The frictional force in a motion of a rolling body is along the direction of motion. Then what stops the motion of a rolling body?
The real reason behind the stopping of a rolling ball is actually a small deformation that takes place at the point of contact. When ever a ball rolls, a small flattening happens. So it is better to say 'area' of contact rather than point of contact. The normal forces vary minutely over the area of contact. The part of the area in the direction of motion experiences more normal force in comparison to the area behind it. This happens because the ball actually pushes the floor a little bit in the forward direction. Now, the net force of this normal forces slightly deviates from the centre of rotation of the ball resulting in a torque against the rotation and thus gradual slowing. The reason is evident from the fact that a harder ball rolls longer than a softer ball of same weight and size. Hope you found it useful buddy..
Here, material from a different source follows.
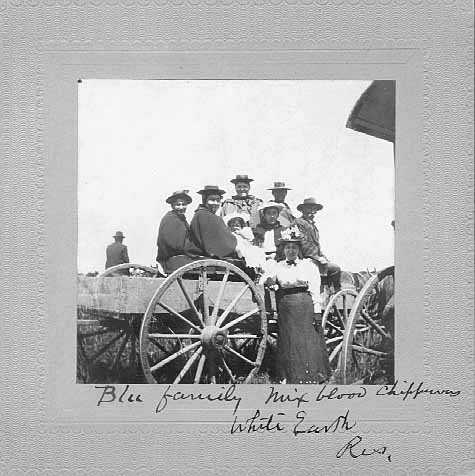 Black and white photograph of an eight-person mixed-blood Ojibwe family, including a baby, on the White Earth Reservation, ca. 1897.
First of all static friction need not be in the direction of the velocity. But more importantly, there is a separate kind of friction called as rolling friction that slows down rolling. It arises because in real life, app bodies are deformable. The bottom of a rolling object flattens due to the weights of the object, causing the object to experience friction.
Consider the lowermost point of a circular body. When it starts rolling, the lower most point of the body moves backwards and since friction is a force that opposes motion it starts acting the opposite direction of the moving point that is in the forward direction which is in turn also the direction of the motion of the whole body.
Now imagine you push the circular body forward so it starts rolling forward, which causes the lowermost point to move backward and since friction acts on it the body slows after some time.